Publisher: Penguin
Publication Date: February 2025
Currently I am taking part in my local library’s ‘Book Bingo’ challenge for 2025. One of the categories within the challenge, to read 12 books over 12 months, is to read a book from a genre I would never normally read. Susan Barker’s book ‘Old Soul’ definitely fits that description as ‘horror’ is not something that I would normally gravitate towards. I had, however, heard several recommendations for this book along with praise for Susan Barker’s previous novel ‘The Incarnations’; it had also been listed as ‘literary fiction’ and so I decided I would read her latest novel.

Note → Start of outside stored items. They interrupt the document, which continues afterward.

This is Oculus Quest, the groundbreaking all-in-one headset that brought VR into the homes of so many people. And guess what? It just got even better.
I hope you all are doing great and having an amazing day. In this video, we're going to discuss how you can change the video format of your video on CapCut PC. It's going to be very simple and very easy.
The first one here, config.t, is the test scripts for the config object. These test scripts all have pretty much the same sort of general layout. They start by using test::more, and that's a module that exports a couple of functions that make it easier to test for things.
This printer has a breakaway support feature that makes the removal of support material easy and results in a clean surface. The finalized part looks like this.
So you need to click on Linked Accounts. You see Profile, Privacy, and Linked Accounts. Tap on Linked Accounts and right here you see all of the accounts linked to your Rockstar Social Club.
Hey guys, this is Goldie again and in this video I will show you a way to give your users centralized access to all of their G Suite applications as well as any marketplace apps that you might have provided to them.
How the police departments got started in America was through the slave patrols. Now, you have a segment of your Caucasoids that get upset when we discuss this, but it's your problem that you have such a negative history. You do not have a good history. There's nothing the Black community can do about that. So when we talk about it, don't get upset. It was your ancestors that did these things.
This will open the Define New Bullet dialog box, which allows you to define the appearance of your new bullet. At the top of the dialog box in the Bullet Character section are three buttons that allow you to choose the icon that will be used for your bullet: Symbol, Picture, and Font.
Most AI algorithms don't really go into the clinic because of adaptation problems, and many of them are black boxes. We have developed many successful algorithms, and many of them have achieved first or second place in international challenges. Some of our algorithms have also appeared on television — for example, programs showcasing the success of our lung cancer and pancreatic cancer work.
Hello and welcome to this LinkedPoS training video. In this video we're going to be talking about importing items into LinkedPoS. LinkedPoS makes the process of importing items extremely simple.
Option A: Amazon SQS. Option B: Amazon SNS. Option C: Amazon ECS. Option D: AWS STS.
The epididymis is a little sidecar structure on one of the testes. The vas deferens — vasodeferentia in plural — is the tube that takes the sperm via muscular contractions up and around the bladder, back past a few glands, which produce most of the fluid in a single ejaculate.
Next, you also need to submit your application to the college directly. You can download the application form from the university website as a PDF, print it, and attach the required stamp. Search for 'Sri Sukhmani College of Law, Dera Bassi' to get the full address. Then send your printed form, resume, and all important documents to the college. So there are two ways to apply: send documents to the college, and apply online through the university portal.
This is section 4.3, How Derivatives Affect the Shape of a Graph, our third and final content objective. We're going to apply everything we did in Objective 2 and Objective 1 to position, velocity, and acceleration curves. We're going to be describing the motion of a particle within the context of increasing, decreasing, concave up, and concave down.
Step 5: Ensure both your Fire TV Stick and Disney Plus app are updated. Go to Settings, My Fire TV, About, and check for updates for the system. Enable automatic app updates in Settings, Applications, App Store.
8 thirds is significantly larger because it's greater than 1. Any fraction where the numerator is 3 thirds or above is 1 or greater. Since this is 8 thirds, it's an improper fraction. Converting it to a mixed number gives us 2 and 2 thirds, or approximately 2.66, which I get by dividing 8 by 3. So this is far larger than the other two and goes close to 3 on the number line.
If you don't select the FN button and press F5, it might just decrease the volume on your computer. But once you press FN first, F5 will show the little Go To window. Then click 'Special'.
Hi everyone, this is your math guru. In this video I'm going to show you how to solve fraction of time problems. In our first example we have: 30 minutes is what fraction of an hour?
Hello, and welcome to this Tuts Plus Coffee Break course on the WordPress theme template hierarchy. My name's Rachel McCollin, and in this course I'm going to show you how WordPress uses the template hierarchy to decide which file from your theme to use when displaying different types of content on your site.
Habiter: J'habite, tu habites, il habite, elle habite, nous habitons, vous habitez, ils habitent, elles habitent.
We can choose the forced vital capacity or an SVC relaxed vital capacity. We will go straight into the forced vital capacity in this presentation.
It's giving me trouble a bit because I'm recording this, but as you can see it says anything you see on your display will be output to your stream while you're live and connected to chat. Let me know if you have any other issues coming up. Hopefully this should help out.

In short, this book is unlike anything I have ever read! The book opens through a chance meeting between Jake and Mariko at an airport. What initially felt like a romance gone wrong, turned into something completely different. Over the course of an evening the pair discover that they have a grisly connection. Namely Mariko’s twin brother and Jake’s friend died in the same brutal and mysterious way and both have been traumatised by the nature of their loved ones particular death. The novel’s narrative then splits to a ‘real time’ encounter between Rosa, a twenty something social media influencer and the mysterious woman who we realise is the individual connecting Jake and Mariko’s narratives. We then span across different time and places, different people and with different narratives but come to realise that despite these differences the thing connecting them is this particular woman. She has different names and different looks; however, she remains the constant and she means real harm.
It was a deeply unsettling book, intensified by the woman’s present ritual with Rosa being interspersed between stories of previous individuals whose lives she had changed and destroyed irrevocably. To be this close to the ‘old soul’ and having your knowledge grow of their misdeeds added a real tension to this story as we know Rosa’s fate is not going to be a happy one, we become complicit in the process. We as readers, along with Jake want to work out if there is a way to make it stop or at least find out how this woman came to be. Every time we meet a new character and begin a new story there is the same fatal inevitability and impending doom that fills the pages and we feel powerless to stop it.
Once we reach the end of the story, in what feels like a climactic horror movie moment, a lot of questions remain. It did not feel as cathartic as I had hoped but perhaps that is the point. This novel does not provide much comfort and at times is particularly grisly. It was, for me, a really unique reading experience and one that I will not forget for a long time.